• DATA
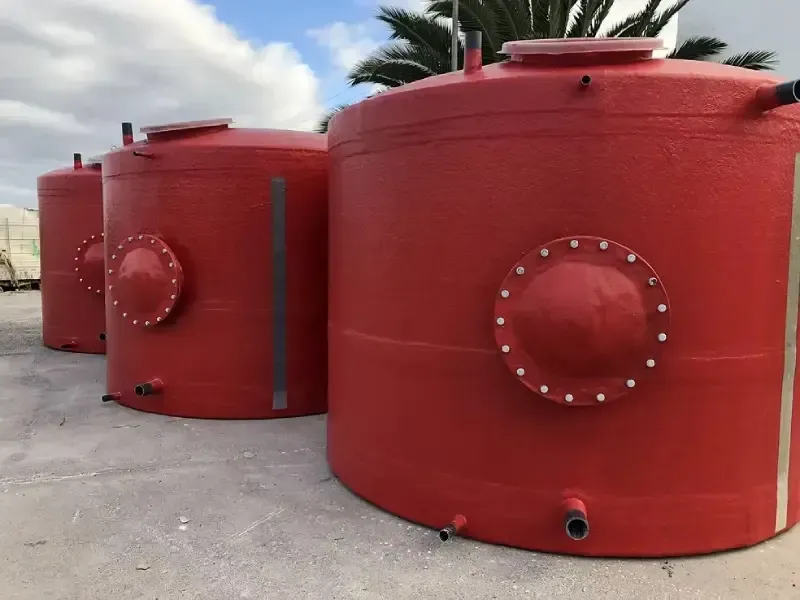 Grandes tanques cilíndricos de metal rojo al aire libre sobre una superficie de hormigón.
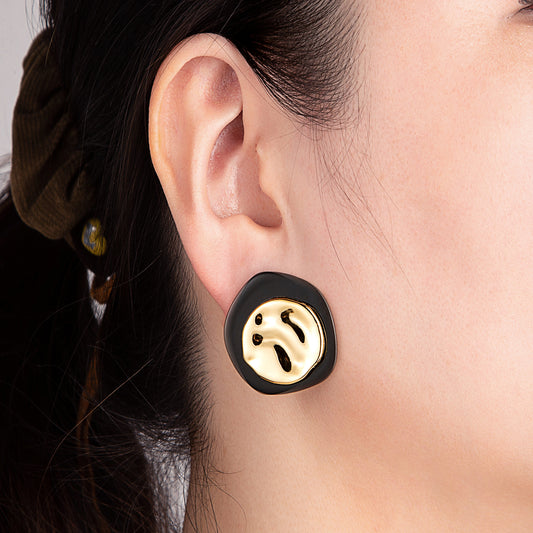 Boucles d'oreilles dorées effet froissé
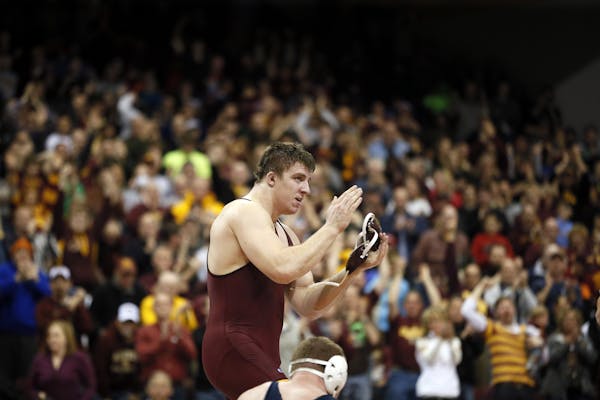Minnesota's heavyweight Tony Nelson celebrated his win of over Penn State's Jon Gingrich during Big Ten wrestling action between Minnesota and Penn St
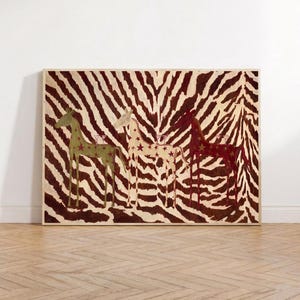 Puede incluir: Una pieza de arte mural rectangular enmarcada con un fondo de rayas de cebra en marr&oacute;n y crema. Tres figuras de jirafas estilizadas se sit&uacute;an en el centro, coloreadas en verde oliva, crema y rojo oscuro, decoradas con peque&ntilde;os patrones de estrellas.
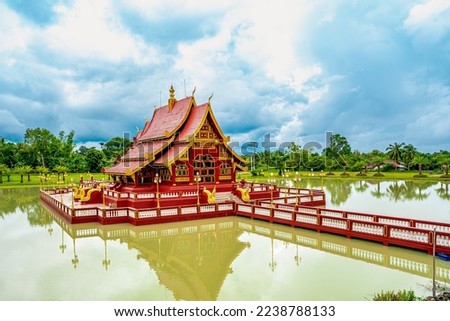 Traditional Thai style pavilion floating on the water with the placard in the front, written in Thai, means this pailion was built to commemorate the 2600 years aniversary of the Lord Buddha enlighten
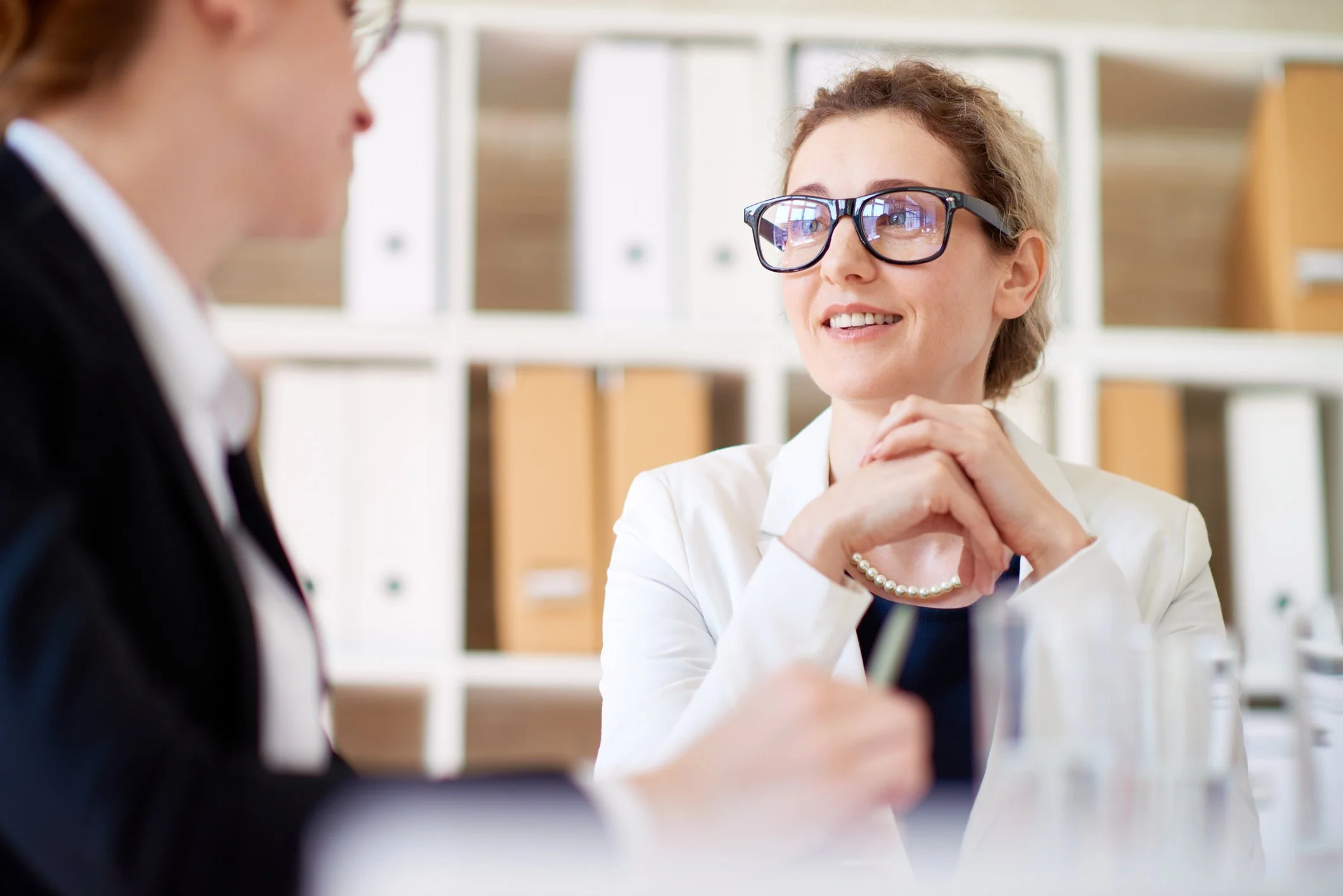 A smiling businesswoman wearing thick black glasses and a white blazer listening intently to a colleague during a professional consultation.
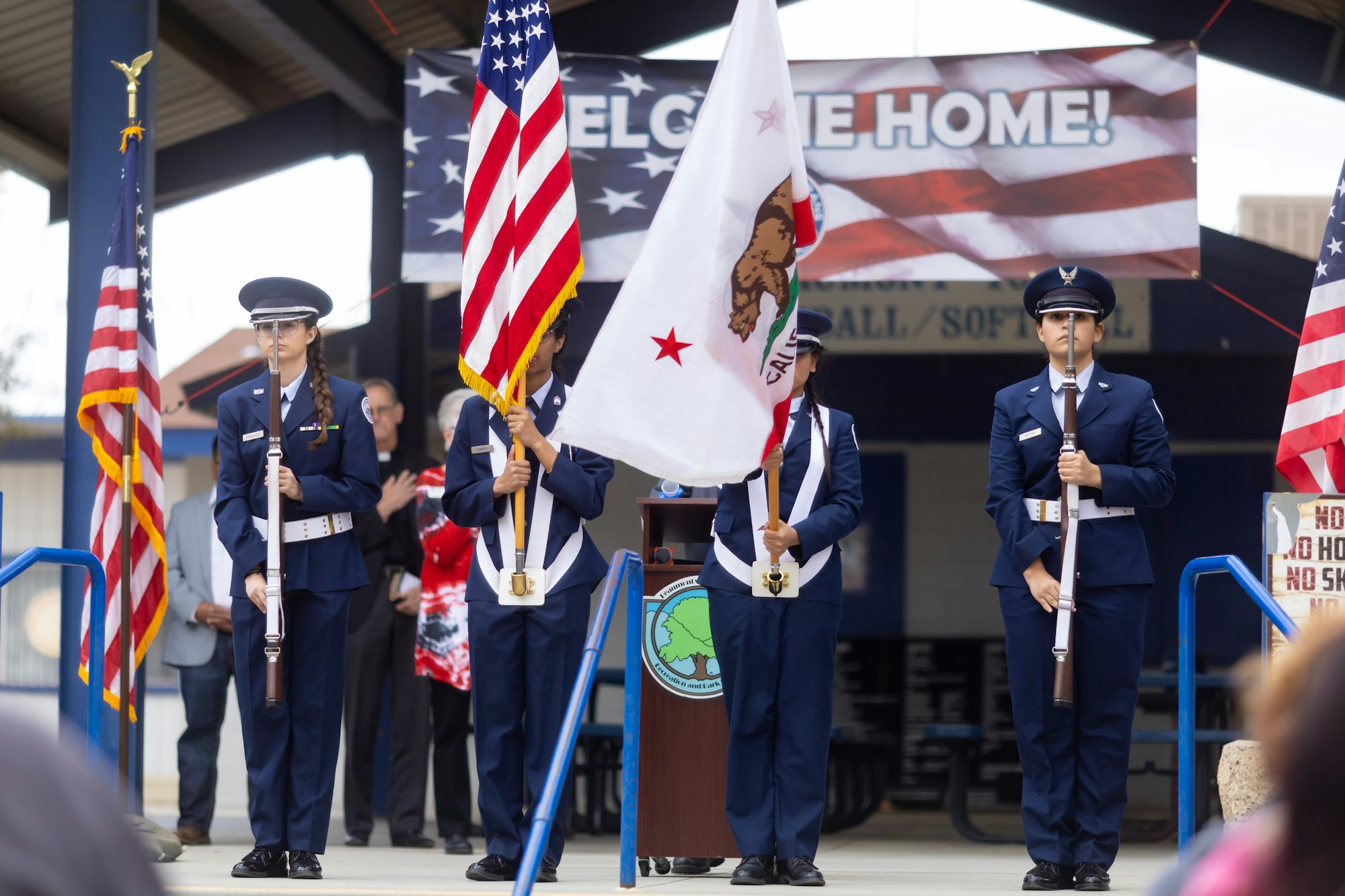 Uniformed color guard with U.S. and California flags, in front of a "Welcome Home" sign during a ceremony.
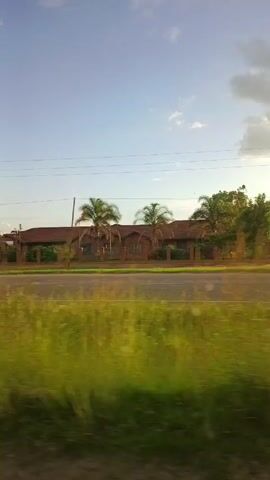 The video shows a view from inside a moving vehicle, looking out a side window. The scenery consists of a road and some vegetation along the side of the road. There are also buildings and billboards visible in the background. A few cars and a motorcycle pass by on the road. The sky is blue with some white clouds. The general setting appears to be a rural or suburban area, possibly near a factory or industrial complex based on the billboard text that reads "Nspra Factory." There are no people clearly visible within the view of the window of the vehicle.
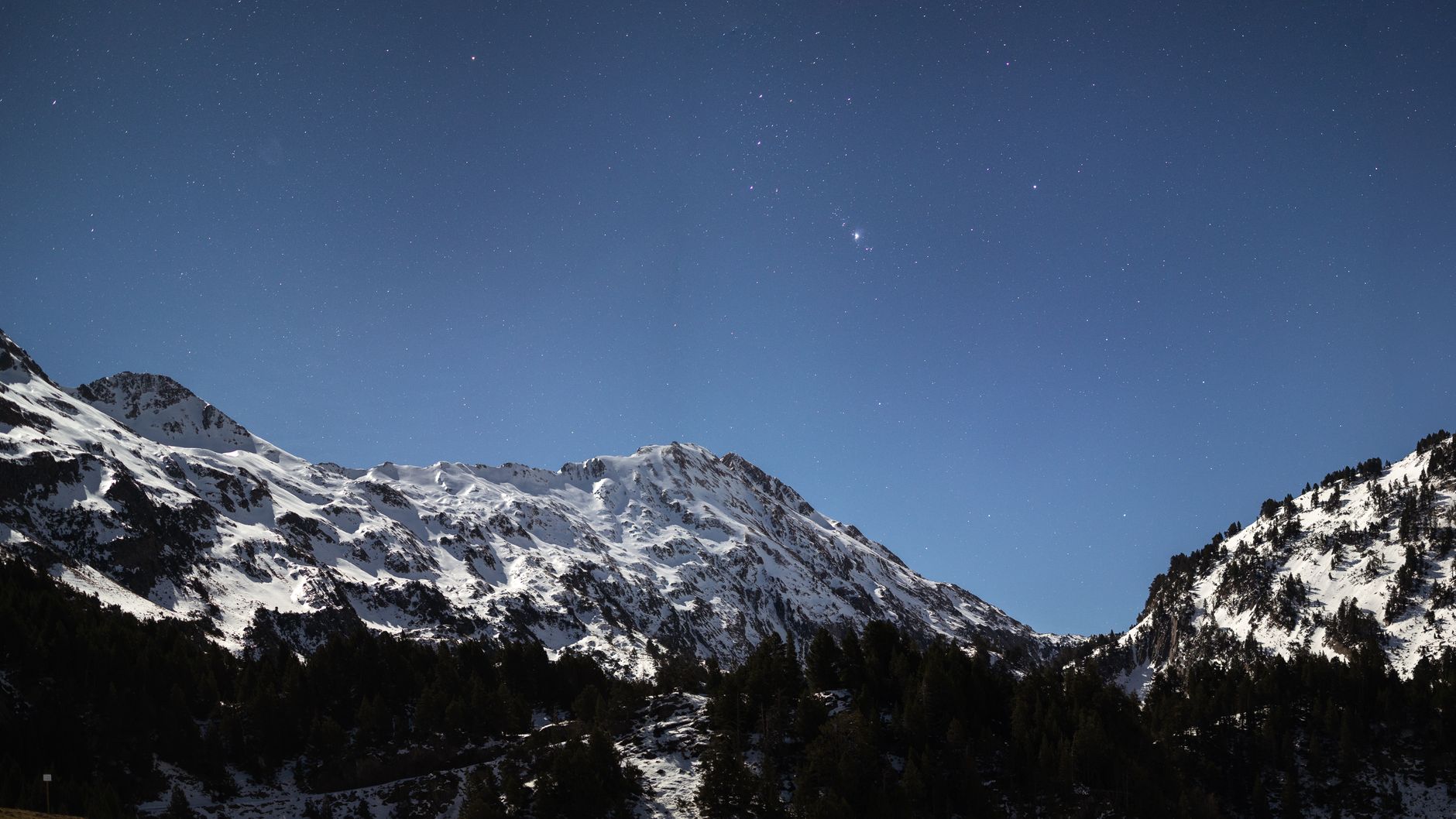 A clear starlit night sky over a remote mountain landscape with no artificial light pollution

• WORK TO BE COMPLETED
Give an exact copy of the data, and omit any pictures it holds.

• ANSWER TO THE PROBLEM
 Grandes tanques cilíndricos de metal rojo al aire libre sobre una superficie de hormigón.
 Boucles d'oreilles dorées effet froissé
Minnesota's heavyweight Tony Nelson celebrated his win of over Penn State's Jon Gingrich during Big Ten wrestling action between Minnesota and Penn St
 Puede incluir: Una pieza de arte mural rectangular enmarcada con un fondo de rayas de cebra en marr&oacute;n y crema. Tres figuras de jirafas estilizadas se sit&uacute;an en el centro, coloreadas en verde oliva, crema y rojo oscuro, decoradas con peque&ntilde;os patrones de estrellas.
 Traditional Thai style pavilion floating on the water with the placard in the front, written in Thai, means this pailion was built to commemorate the 2600 years aniversary of the Lord Buddha enlighten
 A smiling businesswoman wearing thick black glasses and a white blazer listening intently to a colleague during a professional consultation.
 Uniformed color guard with U.S. and California flags, in front of a "Welcome Home" sign during a ceremony.
 The video shows a view from inside a moving vehicle, looking out a side window. The scenery consists of a road and some vegetation along the side of the road. There are also buildings and billboards visible in the background. A few cars and a motorcycle pass by on the road. The sky is blue with some white clouds. The general setting appears to be a rural or suburban area, possibly near a factory or industrial complex based on the billboard text that reads "Nspra Factory." There are no people clearly visible within the view of the window of the vehicle.
 A clear starlit night sky over a remote mountain landscape with no artificial light pollution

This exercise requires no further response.